The bill is called the “No More Solyndras Act,” after the solar panel maker that received a $535 million loan guarantee in 2009 and collapsed in 2009. The legislation would forbid the DOE from granting loan guarantees for any applications received after last Dec. 31,
The Hill reports.
And the bill would tighten the rules for existing applications. The department currently is authorized to issue $34 billion worth of loan guarantees, according to the bill.
It’s sponsored by House Energy and Commerce Committee Chairman Fred Upton, R-Mich., and Rep. Cliff Stearns, R-Fla., who led the committee's Solyndra investigation. The committee is holding a hearing on the bill Thursday.
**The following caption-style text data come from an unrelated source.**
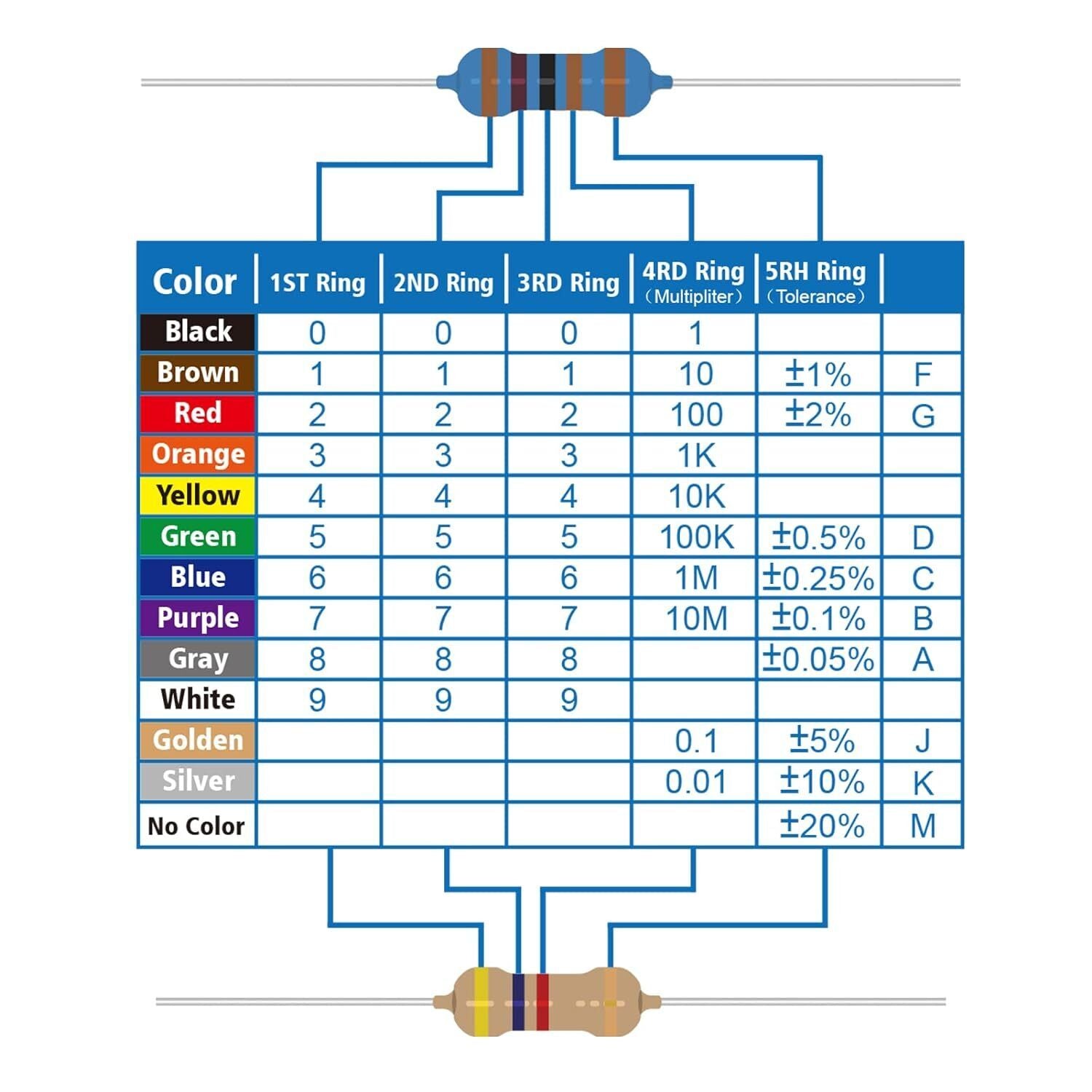 25 Values 2W Metal Film Resistor Kit from 1 Ohm to 1M Ohm 2 Watt 1% Resistors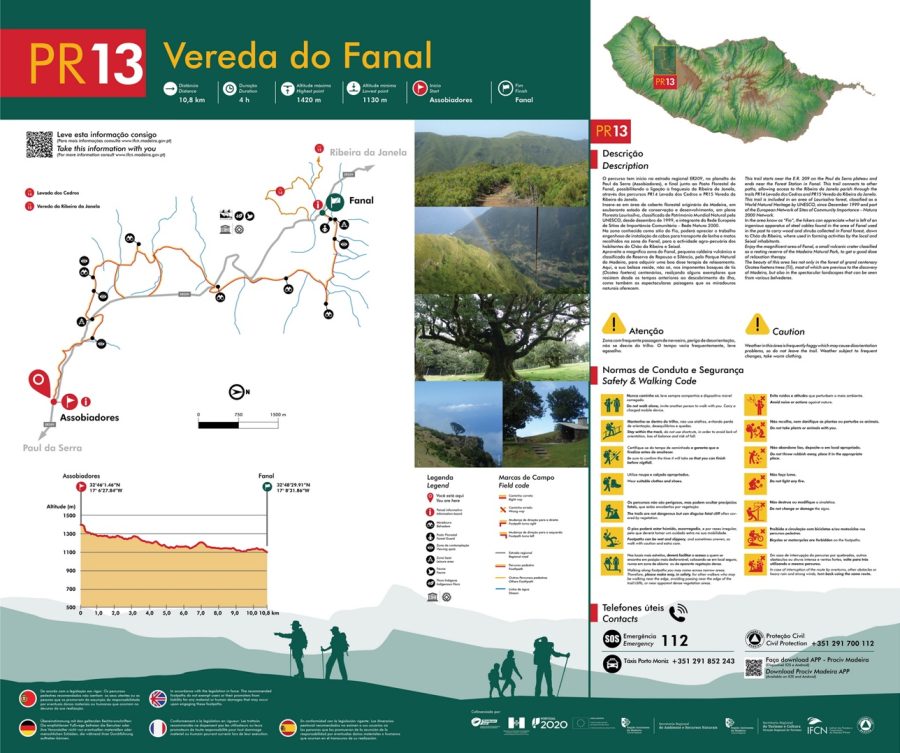 pr13-vereda-do-fanal fanal forest hike plattegrond route.jpeg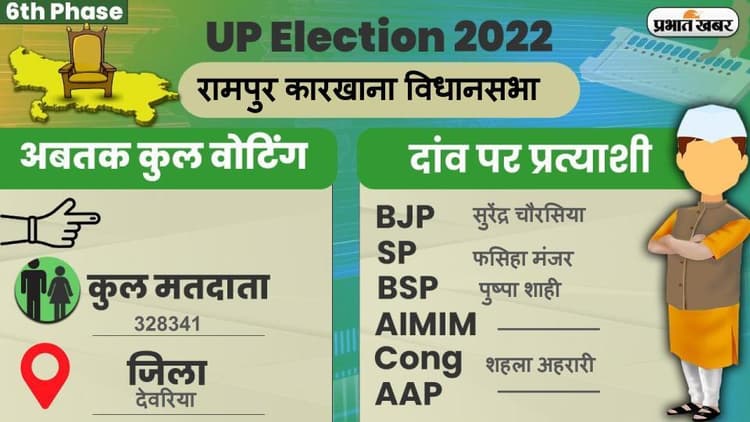 UP Chunav 2022: रामपुर कारखाना विधानसभा में कैसा रहा मतदान और कितना रहा वोटिंग प्रतिशत, जानें सबकुछ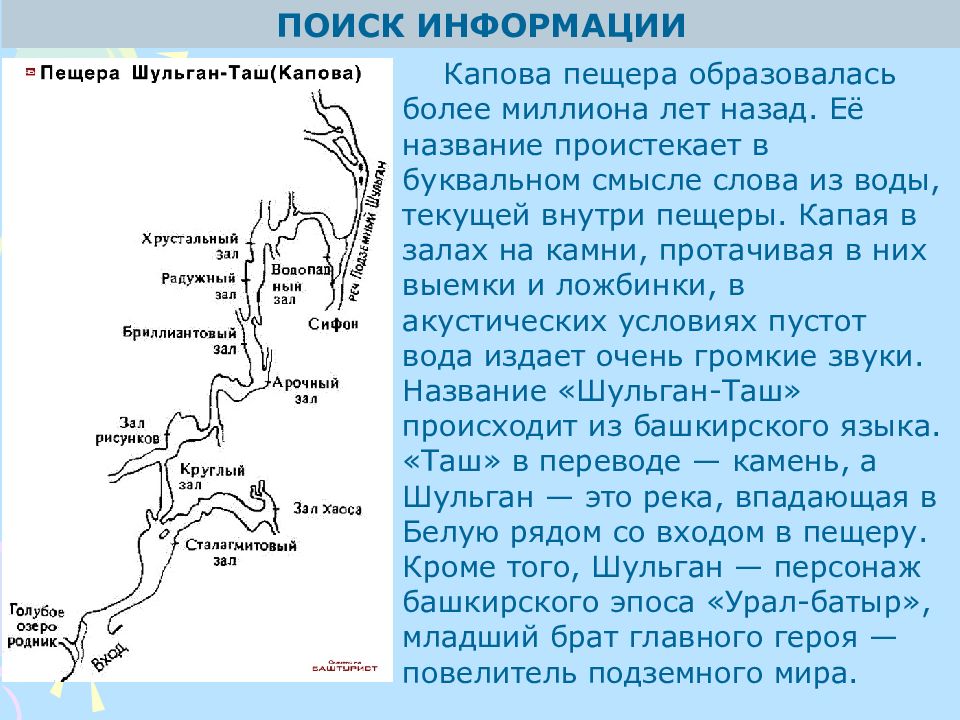 Пещеры башкортостана презентация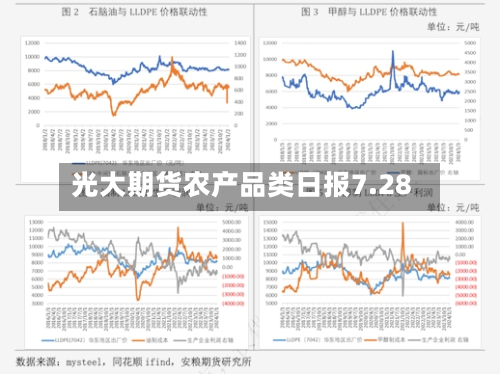 光大期货农产品类日报7.28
Stearns said Monday evening that he wants a floor vote on the measure before Congress begins its August recess. “Our ‘No More Solyndras Act’ will ensure taxpayers are no longer vulnerable to the Obama administration’s game of crony capitalism,” he said in a statement Tuesday.
The plan may run into opposition from congressmen who want it reformed rather than dropped, such as Alaska Sen. Lisa Murkowski, the ranking Republican on the Senate Energy and Natural Resources Committee.
Republicans are upset with the Solyndra debacle as well as the recent failure of Abound Solar, another company that received a DOE loan guarantee. Other DOE-backed companies have faced problems too, proving that Obama’s green energy policy is a loser, Republicans say.